Pi Calculated To Record 2.5 Trillion Digits
Joshua writes "Researchers from Japan have calculated Pi to over 2.5 trillion decimals using the T2K Open Supercomputer (which is currently ranked 47th in the world according to a June, 2009 report from Top500.org). This new number more than doubles the previous record of about 1.2 trillion decimals set in 2002 by another Japanese research team. Unfortunately, there still seems to be no pattern."
A nice little article on why it's useless to know pi to more than 50 digits in this universe.

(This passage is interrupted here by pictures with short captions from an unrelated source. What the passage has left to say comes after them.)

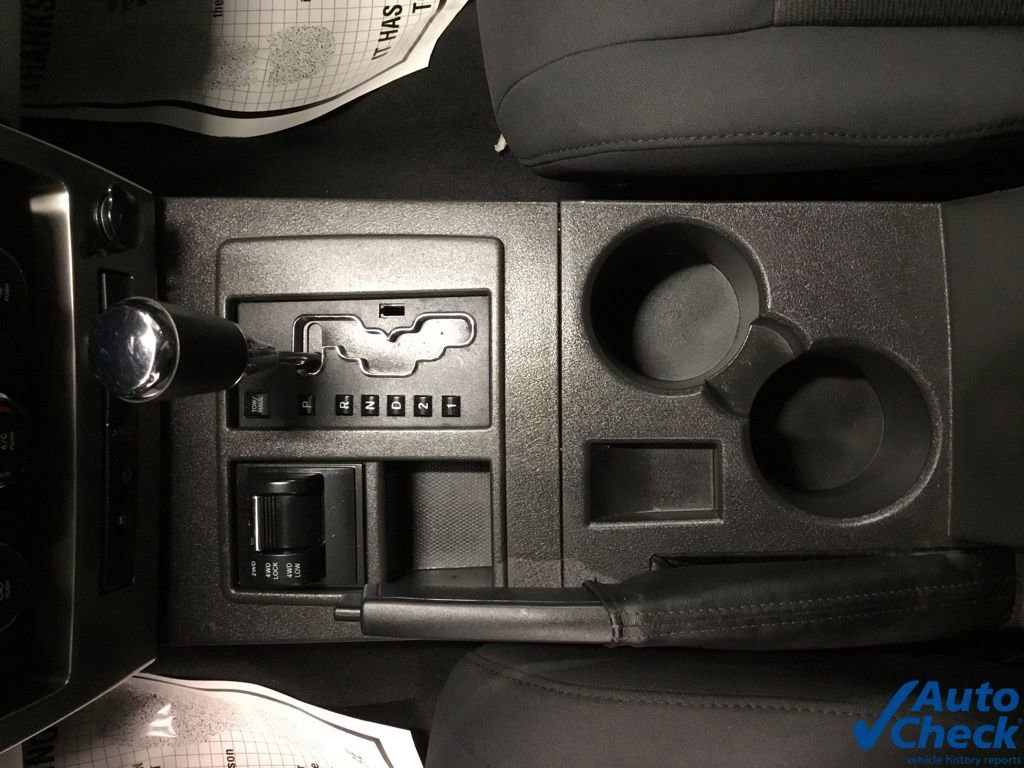 Used 2012 Jeep Liberty Sport w/ Popular Equipment Group AWD/4WD image 46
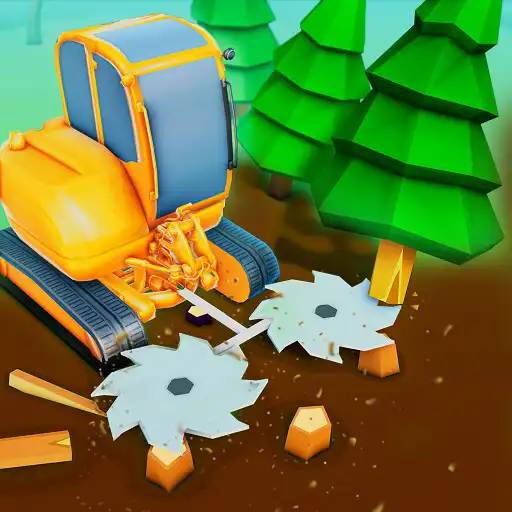 Play Chop Down idle Lumber Cutting APK Play Chop Down idle Lumber Cutting APK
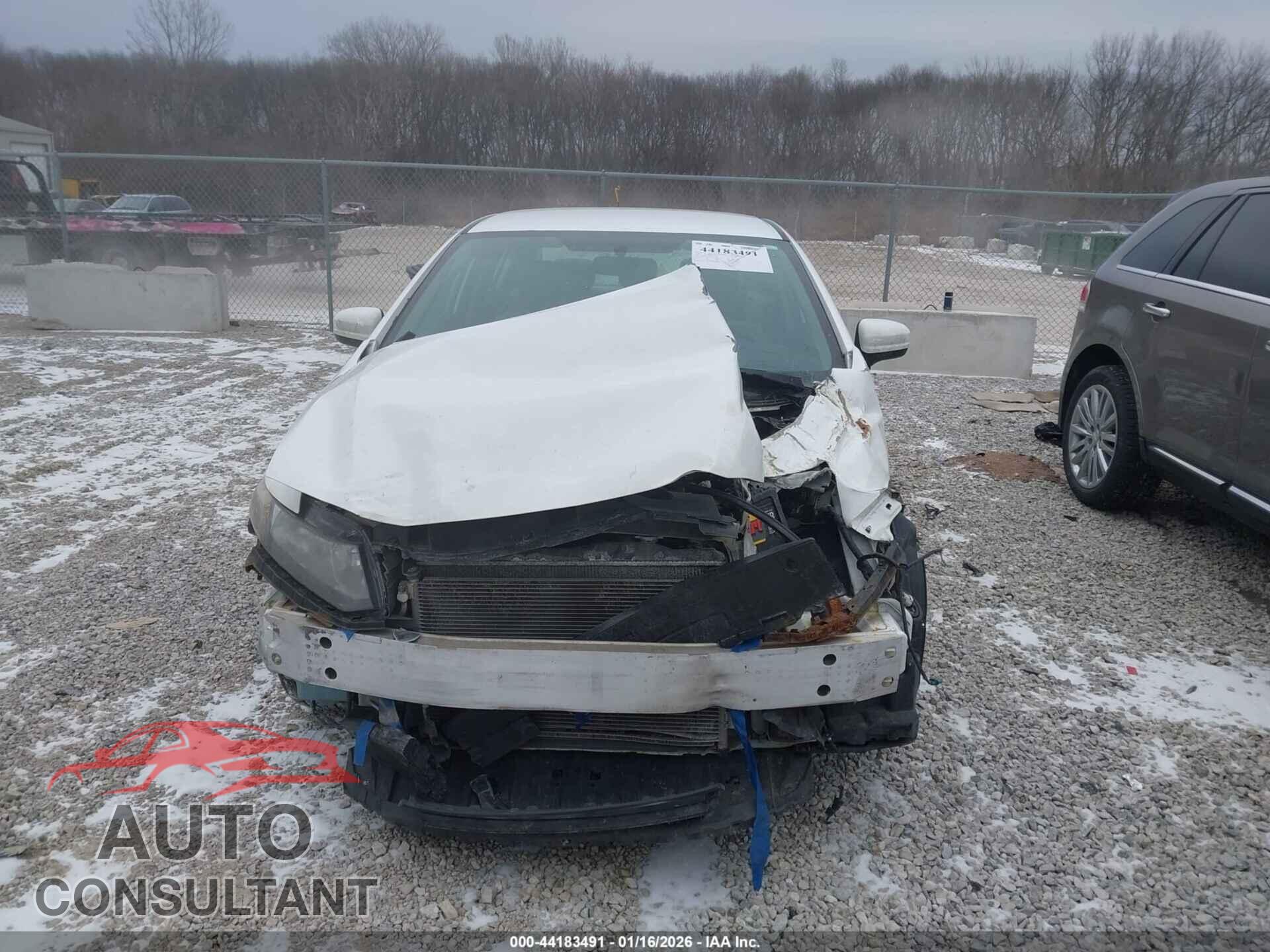 HONDA CIVIC 2015 - 19XFB2F52FE091372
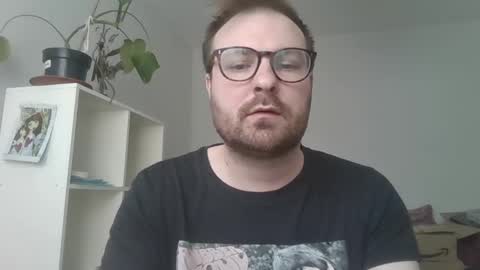 James Heron online show from 03.06.25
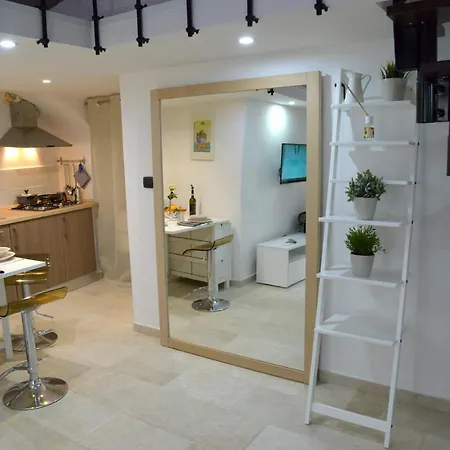 Casa Mea Holiday home Ostuni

http://everything2.com/title/Too%2520small%2520a%2520Universe%2520to%2520memorize%2520Pi
We know without a doubt that it never repeats - if it did it would be a rational number, it has been proven to be an irrational number, moreso it is transcendental. We also know the exact pattern, take the taylor series of sin about pi/4, you get an elegant and simple series solution for pi.
That is not the point. The point is and exercise in computing, everything we do in computing involves rational numbers only (floats) and there is substantial error involved with this. It is computationally difficult to deal with large numbers, hence any method to do this more effectively is a gain for science.
Pi was shown to be irrational in 1768 and transcendental in 1882, finally putting to rest the ancient problem of "squaring the circle".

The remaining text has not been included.